Exercise prompt: Nothing in the records should be changed in the copy, though the pictures must be left out.

______________________________

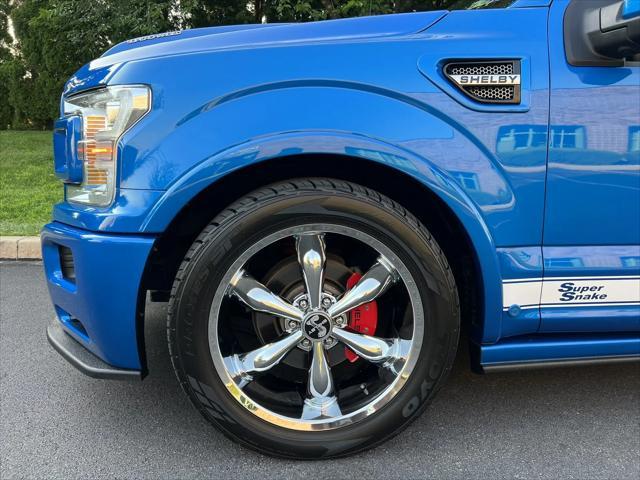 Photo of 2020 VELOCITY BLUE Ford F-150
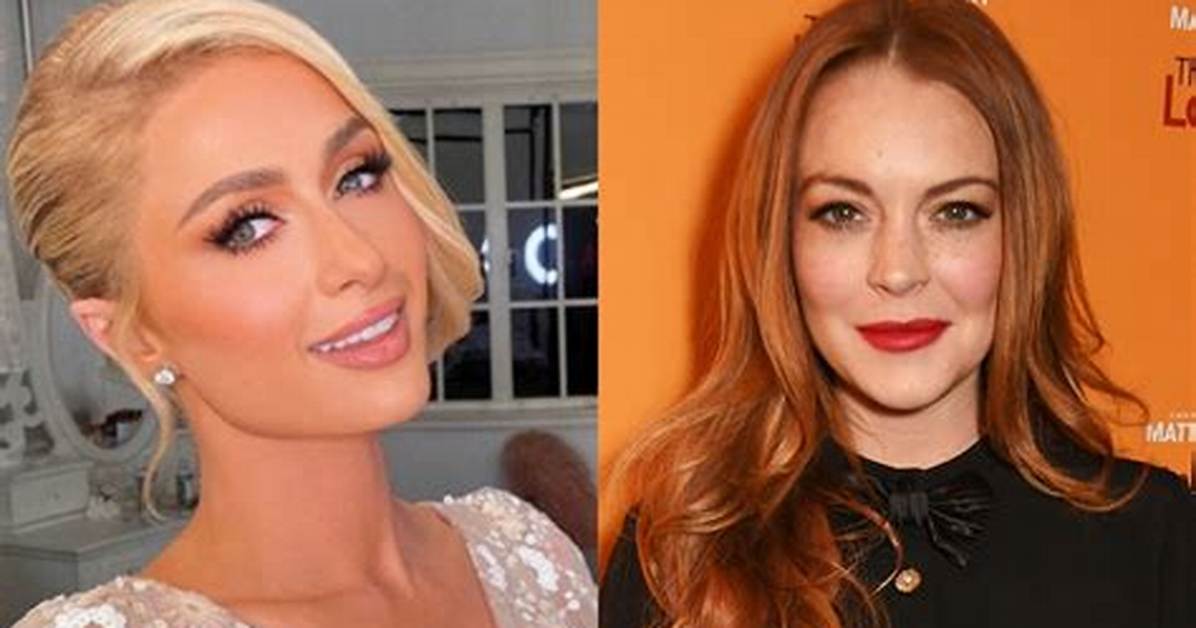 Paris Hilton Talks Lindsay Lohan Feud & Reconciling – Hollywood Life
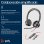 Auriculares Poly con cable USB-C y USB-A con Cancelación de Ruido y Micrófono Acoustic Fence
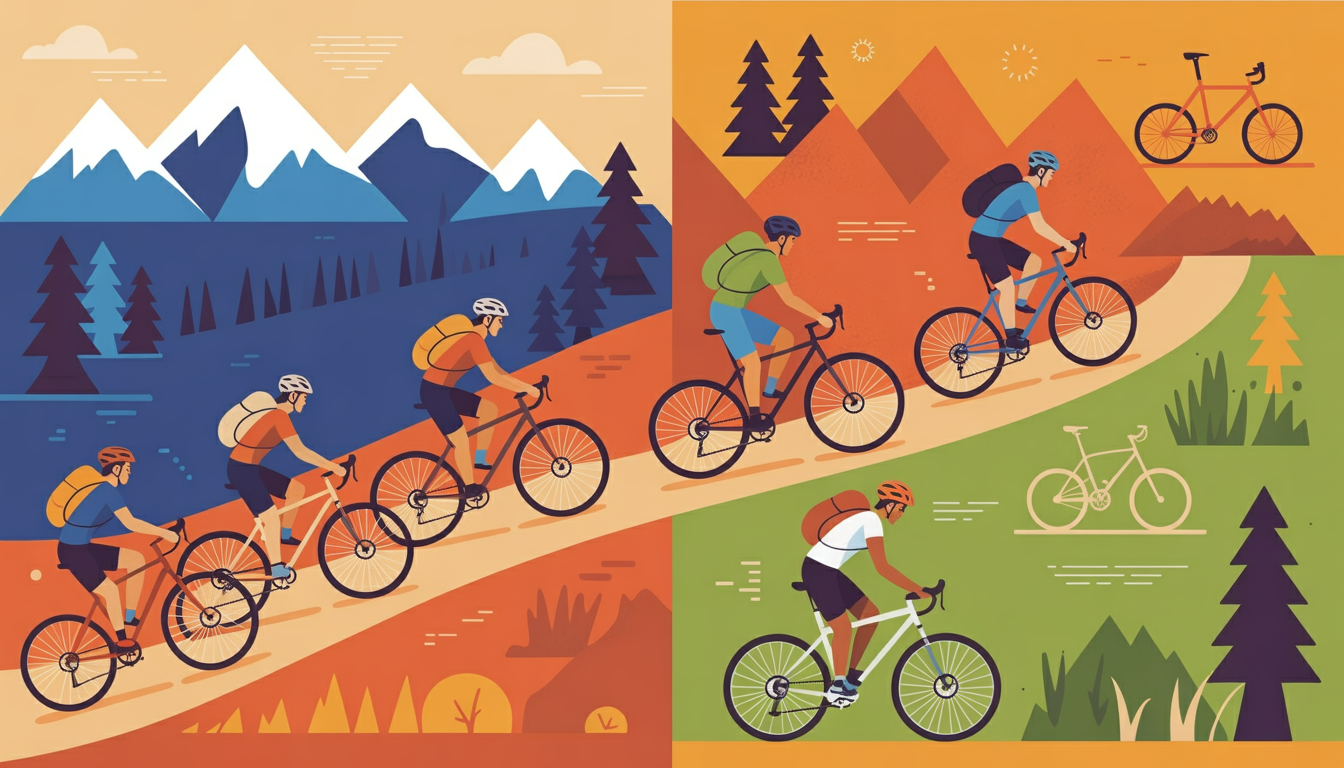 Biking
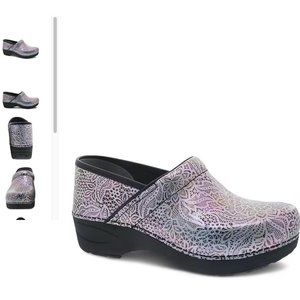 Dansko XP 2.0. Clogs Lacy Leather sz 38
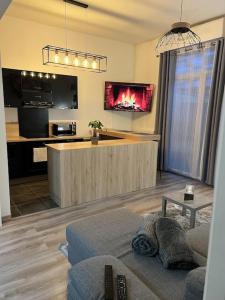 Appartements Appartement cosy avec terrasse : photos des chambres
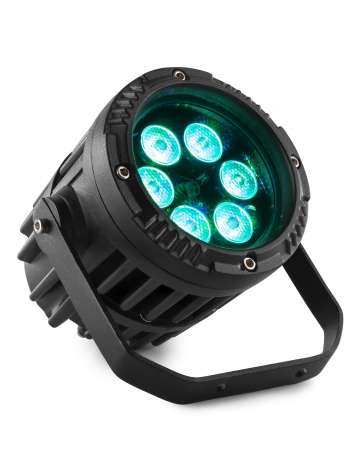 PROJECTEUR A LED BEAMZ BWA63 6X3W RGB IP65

______________________________

Answer space:
 Photo of 2020 VELOCITY BLUE Ford F-150
 Paris Hilton Talks Lindsay Lohan Feud & Reconciling – Hollywood Life
 Auriculares Poly con cable USB-C y USB-A con Cancelación de Ruido y Micrófono Acoustic Fence
 Biking
 Dansko XP 2.0. Clogs Lacy Leather sz 38
 Appartements Appartement cosy avec terrasse : photos des chambres
 PROJECTEUR A LED BEAMZ BWA63 6X3W RGB IP65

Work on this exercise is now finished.